After a few minutes with San Antonio’s poet laureate, Octavio Quintanilla, I already feel like I’m deep into a creative writing masterclass.
As I sip my outsize espresso at Halcyon at the Blue Star Arts Complex, he agrees that there can be an artistic danger in censuring oneself during the writing process.
Even before his rise, Quintanilla, 45, viewed his poetry as a means of “confronting the world” around him. And, as someone “in the business of ideas,” he feels that this confrontation of notions, ideas and traditions gives him the opportunity to show “empathy for the world” through his work – which is laden with honesty. Being that honest can require a little boldness and artistic abandon when considering the current social climate where the oversensitivity of political correctness can easily lead to woeful, public misunderstandings. “If I’m not gonna be honest when I’m writing, what’s the point of writing?” he says as he adjusts his seafarer-style glasses. “I’d be lying to myself.”
Though he feels his poems are “not necessarily autobiographical,” he does feel his words have an element of “emotional autobiography.” And, as a Mexican-American with a story to tell, he seems to have a lot from which to pull.
Quintanilla was born in Harlingen.

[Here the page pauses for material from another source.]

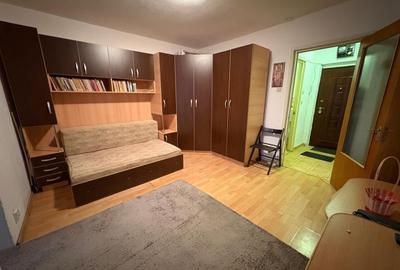 Garsonieră semidecomandată, mobilată în Brâncoveanu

He lived, however, in Mexico for the first nine years of his life. When he turned nine, he returned to the Rio Grande Valley.
“Unfortunately, my parents stayed behind,” he recalls. “It was just me and my little brother that came over here to study, so there was that aspect of separation [and] dislocation.” When he says this, he reminds me – just for a moment – of “Separation,” a painting by local artist David Blancas.

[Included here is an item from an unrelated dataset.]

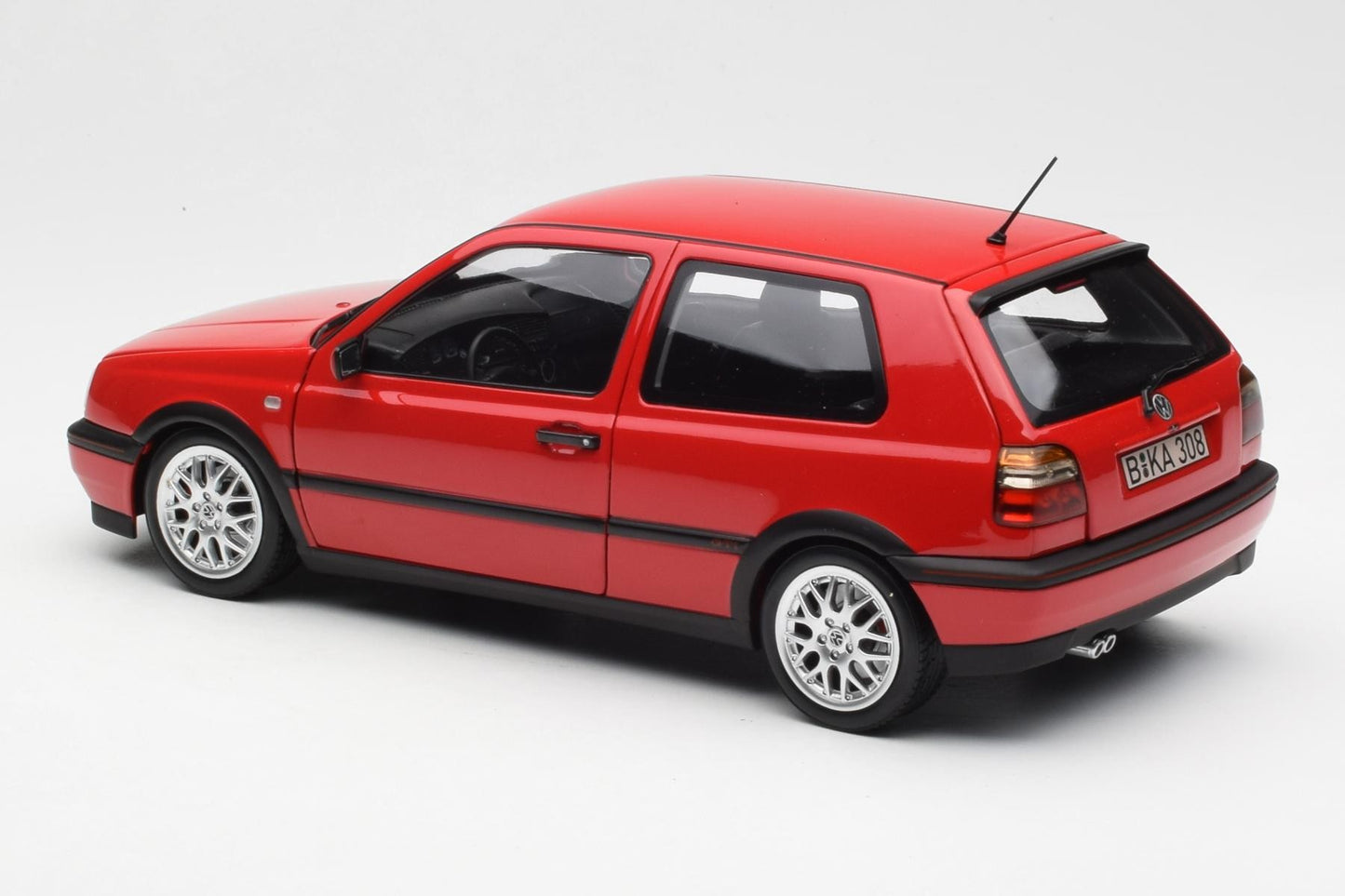 1/18 Norev - Volkswagen Golf 3 GTI Rouge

In fact, that’s one of the many topics that he covers in his new Frontextos project, a series of visual poetry selections on his Facebook wall. He says he knows he’s “taking a risk in terms of subject matter.” The poems cover topics about the body, sexual relationships, race and political situations. “I don’t really go into writing censuring myself,” he says as he shows me number 278 in which he visually explores the symbolism of trees. “My life is an autobiographical template for work.”

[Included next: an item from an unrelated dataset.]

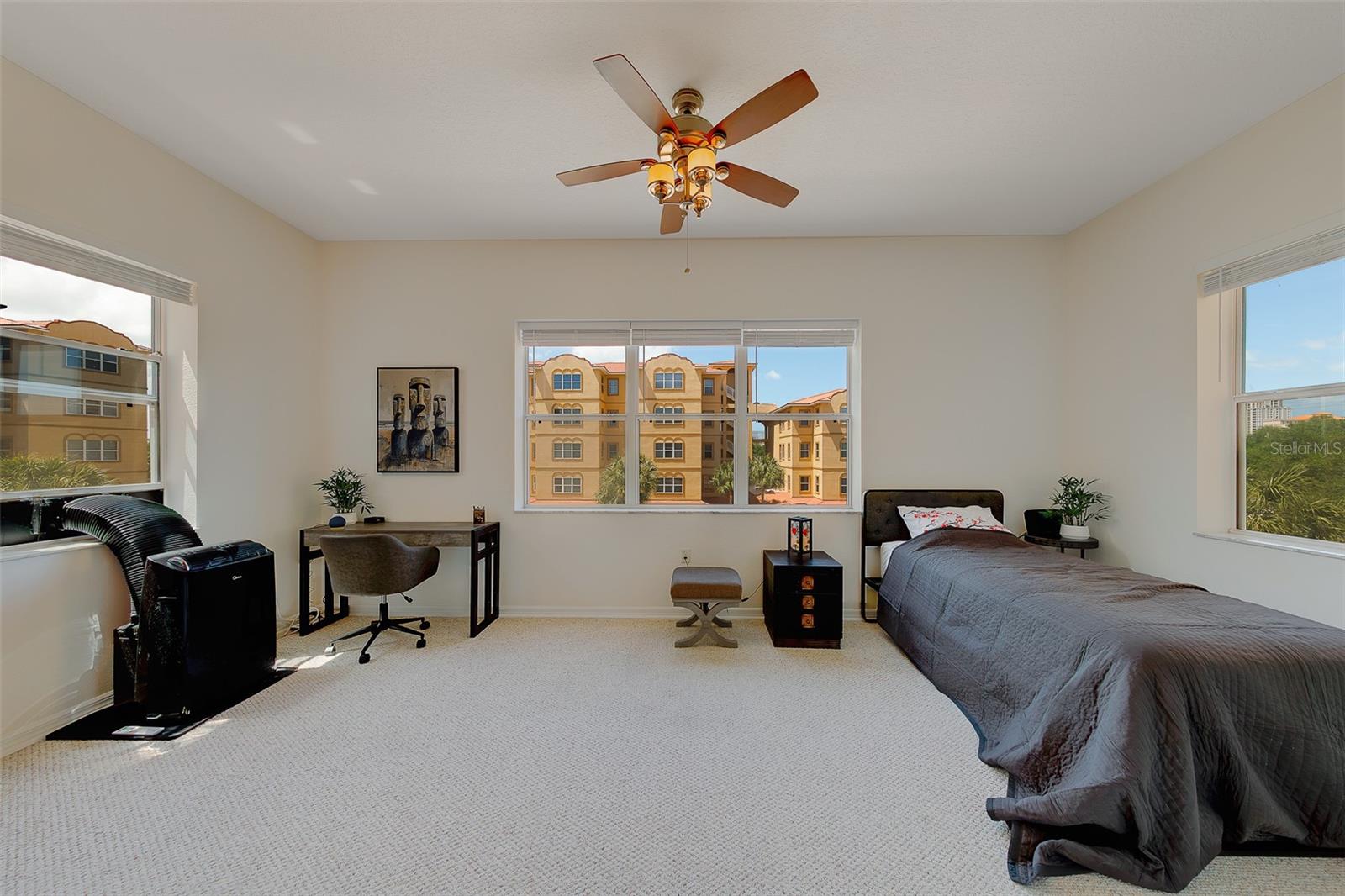 642 Wells Ct Court, FL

Because our interview is in English, I keep reminding myself that his work these days is in Spanish.
“People have asked me, ‘Why do you write in Spanish?’ I think it’s been a way for me to return to that which I lost. [I’m trying] to capture or relearn or practice the language that I grew up talking but that, to a great extent, I forgot.”
Quintanilla proudly embraces the Spanish spoken at the borderlands, which may seem very similar to the Spanglish and Tex-Mex dialects.
Quintanilla, who’s a professor at Our Lady of the Lake University, discusses his writing process unaffectedly, and, over the span of a couple of hours, he elaborates on his daily, meditative approach.
“There are things I’m not ready to write about,” he says as Janet Jackson’s “What Have You Done for Me Lately” gently pulsates in the background. “I’m waiting for the right time to write about it.”
Is there a wrong time to write about something? I ask.
“Well, when you’re not clear about what it is you have to say,” he replies. “I’m not in the business of writing just to make a statement. I’ve always felt that what I do... I’m doing it with some type of... intentionality.”
He says that there are some experiences that he’s not ready to write about or reveal because he still “hasn’t found a way to heal” in regard to the subject.
Some writers would use writing as a way to heal. Do you think that’s wise? I ask.
“I think we can make the distinction between writing to heal and writing to publish,” he replies.
A week before, I met Quintanilla for the first time at the Letras en la Frontera Conference, a gathering of writers who write in Spanish. Writers from all over Latin America read their work to pockets of the local Spanish-language literary set. “We really don’t have many spaces for writers who writing in Spanish,” he says matter-of-factly. When I tell him I attended the conference as a personal, guilty pleasure, he says, “We’re kind of lucky. We can move between two worlds... English and Spanish. I’m a huge advocate for writing and speaking in Spanish.
“I mean, think about it. Right now, there’s this hate rhetoric against people who speak Spanish,” he says thoughtfully. “There’s a lot of fucking hate about that. I mean, you saw the poetry that I’ve been writing lately. It’s all in Spanish. It’s a way to resist. I think spaces like [the conference] are resisting that rhetoric of hate.”
How long does it take you to come up with a title? I ask.
“Aww… fuck, man,” he replies with exasperation. “It takes me a long time, dude.”